Caption-style text data:
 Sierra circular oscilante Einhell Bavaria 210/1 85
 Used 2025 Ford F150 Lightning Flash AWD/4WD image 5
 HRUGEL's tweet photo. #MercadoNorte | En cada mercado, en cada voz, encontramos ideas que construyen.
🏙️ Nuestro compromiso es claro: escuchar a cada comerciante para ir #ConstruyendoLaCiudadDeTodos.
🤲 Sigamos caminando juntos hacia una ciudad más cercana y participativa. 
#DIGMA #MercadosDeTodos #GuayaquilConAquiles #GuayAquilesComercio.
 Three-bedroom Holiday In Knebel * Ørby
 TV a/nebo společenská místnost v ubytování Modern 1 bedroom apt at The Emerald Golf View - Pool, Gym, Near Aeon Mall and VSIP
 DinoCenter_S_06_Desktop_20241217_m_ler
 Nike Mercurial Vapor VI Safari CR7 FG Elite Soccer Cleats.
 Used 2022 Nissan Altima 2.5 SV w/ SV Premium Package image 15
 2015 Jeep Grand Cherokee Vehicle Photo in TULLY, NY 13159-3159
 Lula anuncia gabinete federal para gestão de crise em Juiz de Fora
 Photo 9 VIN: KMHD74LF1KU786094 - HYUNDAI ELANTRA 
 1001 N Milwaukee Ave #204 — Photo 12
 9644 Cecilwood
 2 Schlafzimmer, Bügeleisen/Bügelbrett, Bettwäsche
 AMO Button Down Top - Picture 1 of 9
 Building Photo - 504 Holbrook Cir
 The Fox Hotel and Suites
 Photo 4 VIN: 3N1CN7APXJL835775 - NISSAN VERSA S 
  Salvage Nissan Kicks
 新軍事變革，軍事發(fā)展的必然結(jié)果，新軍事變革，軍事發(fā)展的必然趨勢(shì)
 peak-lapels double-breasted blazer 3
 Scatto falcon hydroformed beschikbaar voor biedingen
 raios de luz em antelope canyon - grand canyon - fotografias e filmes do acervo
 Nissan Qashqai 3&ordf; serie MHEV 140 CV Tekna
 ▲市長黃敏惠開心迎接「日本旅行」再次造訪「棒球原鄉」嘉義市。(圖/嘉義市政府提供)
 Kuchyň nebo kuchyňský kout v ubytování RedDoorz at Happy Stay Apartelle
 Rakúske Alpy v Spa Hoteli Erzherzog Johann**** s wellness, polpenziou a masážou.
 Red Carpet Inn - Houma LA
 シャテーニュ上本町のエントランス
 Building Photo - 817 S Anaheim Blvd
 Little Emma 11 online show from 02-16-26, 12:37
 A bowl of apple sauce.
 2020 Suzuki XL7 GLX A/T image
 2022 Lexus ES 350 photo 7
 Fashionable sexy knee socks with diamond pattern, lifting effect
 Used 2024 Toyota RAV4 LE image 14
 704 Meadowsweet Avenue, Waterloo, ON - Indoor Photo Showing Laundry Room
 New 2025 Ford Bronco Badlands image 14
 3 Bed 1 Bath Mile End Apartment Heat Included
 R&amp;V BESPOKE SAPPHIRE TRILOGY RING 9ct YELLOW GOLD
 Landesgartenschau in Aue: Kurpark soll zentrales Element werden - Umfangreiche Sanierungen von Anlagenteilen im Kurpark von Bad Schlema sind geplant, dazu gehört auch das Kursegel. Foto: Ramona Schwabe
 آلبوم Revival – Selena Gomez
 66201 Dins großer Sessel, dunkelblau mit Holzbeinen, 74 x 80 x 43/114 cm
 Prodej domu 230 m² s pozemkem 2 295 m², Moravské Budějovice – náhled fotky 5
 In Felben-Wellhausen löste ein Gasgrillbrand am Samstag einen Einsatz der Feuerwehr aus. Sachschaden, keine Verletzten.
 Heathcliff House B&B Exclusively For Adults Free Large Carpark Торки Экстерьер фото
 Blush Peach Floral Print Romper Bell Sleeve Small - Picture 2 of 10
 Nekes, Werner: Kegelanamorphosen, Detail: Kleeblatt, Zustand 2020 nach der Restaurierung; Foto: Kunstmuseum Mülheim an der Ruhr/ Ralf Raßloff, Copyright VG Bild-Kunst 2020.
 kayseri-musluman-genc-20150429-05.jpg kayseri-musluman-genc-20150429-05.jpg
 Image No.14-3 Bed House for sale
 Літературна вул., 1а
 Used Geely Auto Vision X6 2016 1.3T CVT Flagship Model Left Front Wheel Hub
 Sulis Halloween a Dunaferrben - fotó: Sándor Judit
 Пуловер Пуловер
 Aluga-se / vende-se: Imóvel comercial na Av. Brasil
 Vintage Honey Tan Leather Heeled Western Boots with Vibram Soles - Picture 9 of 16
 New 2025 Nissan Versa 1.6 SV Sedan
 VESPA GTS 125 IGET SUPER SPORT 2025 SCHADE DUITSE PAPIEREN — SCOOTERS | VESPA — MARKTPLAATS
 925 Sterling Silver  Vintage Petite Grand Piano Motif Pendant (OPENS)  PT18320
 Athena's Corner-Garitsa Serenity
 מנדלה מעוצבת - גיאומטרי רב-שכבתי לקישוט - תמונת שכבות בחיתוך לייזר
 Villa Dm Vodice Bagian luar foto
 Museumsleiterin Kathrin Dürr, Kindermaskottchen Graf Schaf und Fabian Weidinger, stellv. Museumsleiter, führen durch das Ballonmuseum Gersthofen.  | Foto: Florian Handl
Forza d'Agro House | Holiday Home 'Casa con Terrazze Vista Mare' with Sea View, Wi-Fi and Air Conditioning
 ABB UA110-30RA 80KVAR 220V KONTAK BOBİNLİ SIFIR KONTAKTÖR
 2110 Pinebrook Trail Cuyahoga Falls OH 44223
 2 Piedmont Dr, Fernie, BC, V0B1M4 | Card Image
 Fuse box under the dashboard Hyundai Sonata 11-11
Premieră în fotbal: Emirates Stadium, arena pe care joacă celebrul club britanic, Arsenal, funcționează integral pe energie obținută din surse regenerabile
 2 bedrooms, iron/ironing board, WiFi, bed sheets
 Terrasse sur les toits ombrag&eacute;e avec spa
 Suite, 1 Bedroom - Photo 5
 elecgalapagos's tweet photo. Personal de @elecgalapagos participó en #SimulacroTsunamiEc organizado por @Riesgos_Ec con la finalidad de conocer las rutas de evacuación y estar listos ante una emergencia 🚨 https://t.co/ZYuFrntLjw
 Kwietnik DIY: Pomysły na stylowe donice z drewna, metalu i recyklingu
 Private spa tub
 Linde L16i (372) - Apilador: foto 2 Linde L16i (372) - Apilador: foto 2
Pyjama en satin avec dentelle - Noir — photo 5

* [TASK OBJECTIVE]:
Where a line of the entries above holds the word "nebo", return that line.

* [TASK RESULT]:
 TV a/nebo společenská místnost v ubytování Modern 1 bedroom apt at The Emerald Golf View - Pool, Gym, Near Aeon Mall and VSIP
 Kuchyň nebo kuchyňský kout v ubytování RedDoorz at Happy Stay Apartelle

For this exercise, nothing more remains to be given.